Un procès contre Vincent Bolloré est «nécessaire», a jugé vendredi 26 février le tribunal judiciaire de Paris. Le parquet national financier avait pourtant approuvé un accord, par lequel le groupe Bolloré SE acceptait une amende de 12 millions d’euros pour faire cesser les poursuites à son encontre dans une affaire de corruption active au Togo.

Le groupe était accusé d’avoir, via sa filiale SDV Afrique, payé des dépenses de communication au président togolais Faure Gnassingbé à hauteur de 370 000 euros dans le cadre de sa réélection en 2010. En échange, Bolloré SE aurait bénéficié de contrats avantageux sur le port de Lomé.

12 millions d’euros d’amende

Vincent Bolloré ainsi que deux autres hauts responsables du groupe, Gilles Alix et Jean-Philippe Dorente, avaient accepté une comparution sur reconnaissance préalable de culpabilité (CRPC). Par la même occasion, Vincent Bolloré reconnaissait la culpabilité de son groupe, la sienne et écopait d’une amende de 375 000 euros, le maximum prévu par la loi, sans inscription au casier judiciaire.
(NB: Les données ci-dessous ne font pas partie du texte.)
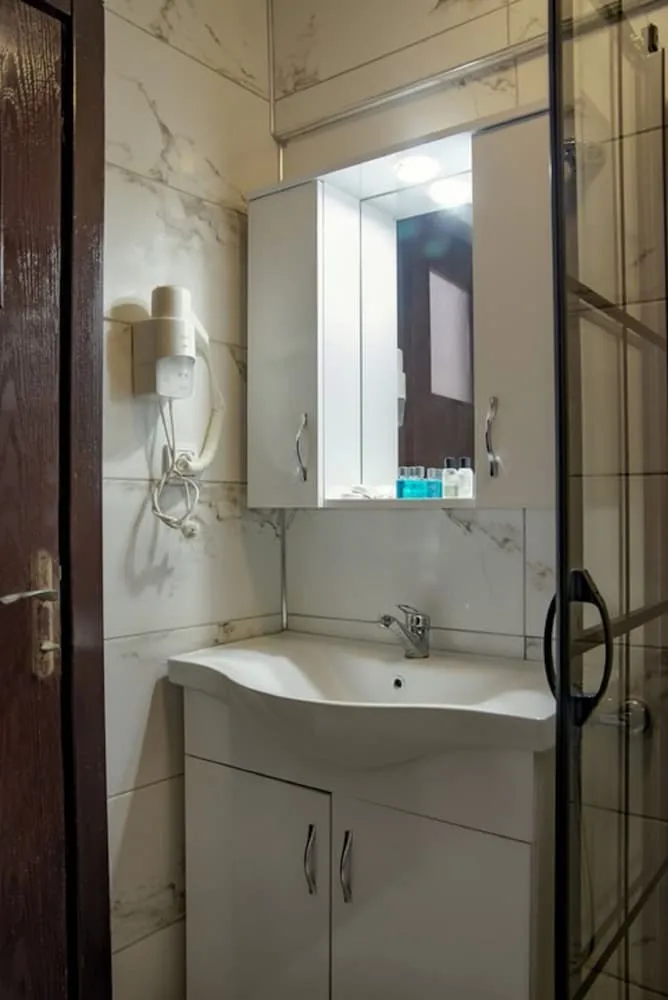 Standard Üç Kişilik Oda, Deniz Manzaralı, Denize Sıfır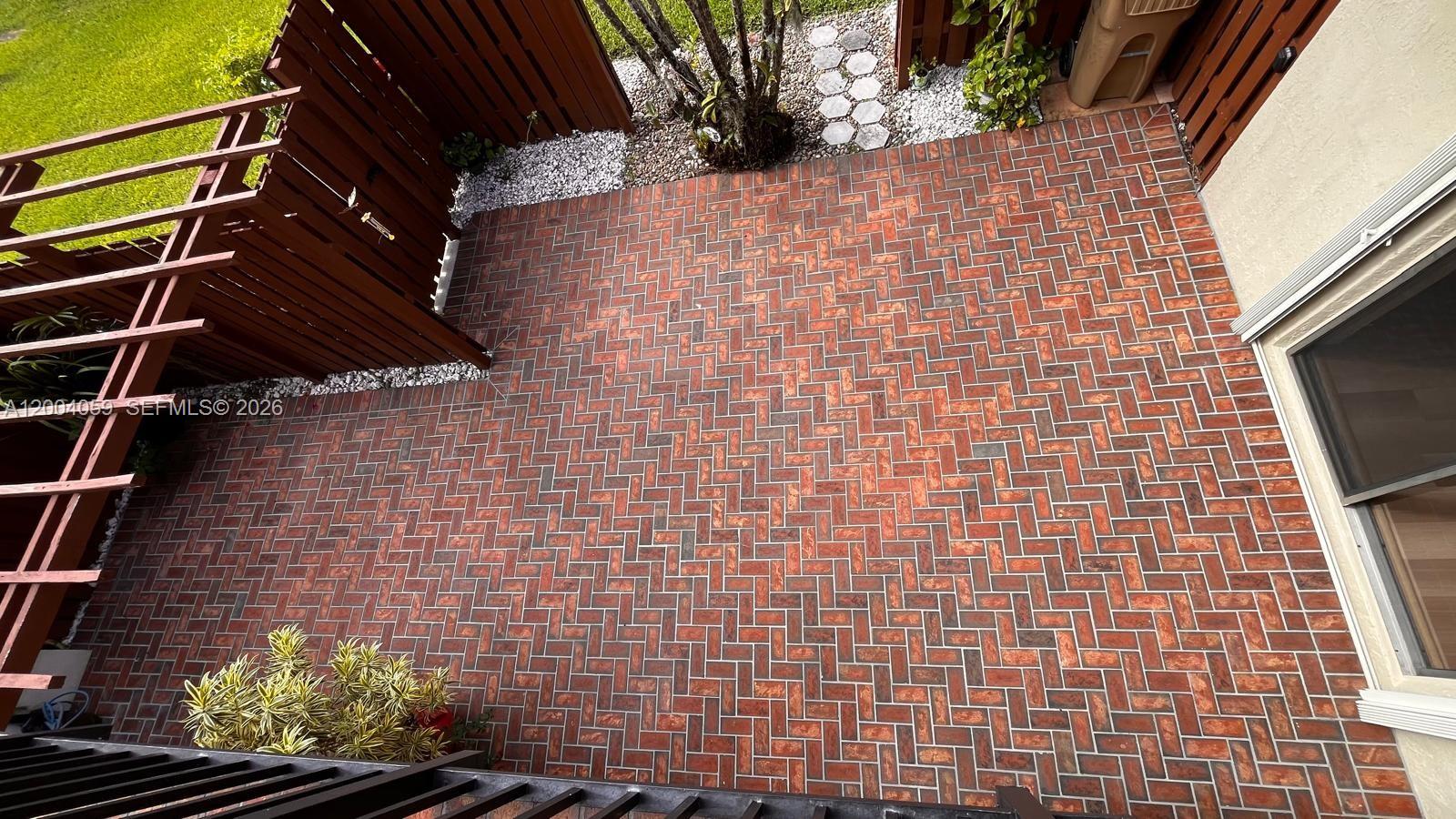 C H E ACRES - Residential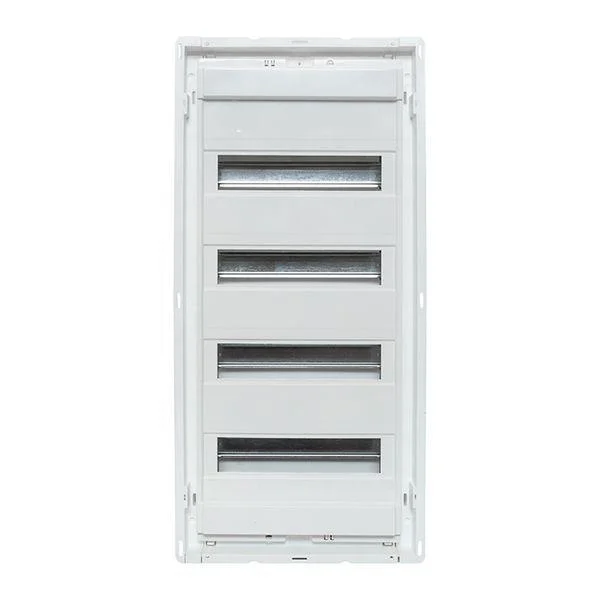 Щит силовой встраив. Nova 48мод. IP41 с пластик. дверью EKF nv-pb-pd-4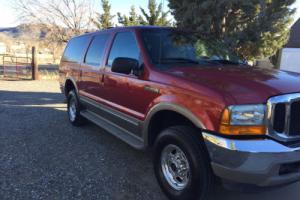 2000 Ford Excursion Photo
En acceptant que son groupe verse 12 millions d’euros d’amende, il faisait cesser les poursuites à son encontre.

Mais en réponse, lors de l’audience vendredi après-midi, la juge a refusé d’homologuer la CRPC. Il a en effet considéré que les faits reprochés avaient «gravement porté atteinte à l’ordre public économique», et «porté atteinte à la souveraineté du Togo». La juge a ainsi estimé que les peines convenues avec le parquet national financier étaient «inadaptées», et a considéré «nécessaire» que Vincent Bolloré soit jugé par un tribunal correctionnel. La décision appartient désormais aux juges d’instruction en charge du dossier. L’amende de 12 millions d’euros à l’encontre de la multinationale, elle, est en attendant bien validée, et à verser au Trésor public sous dix jours.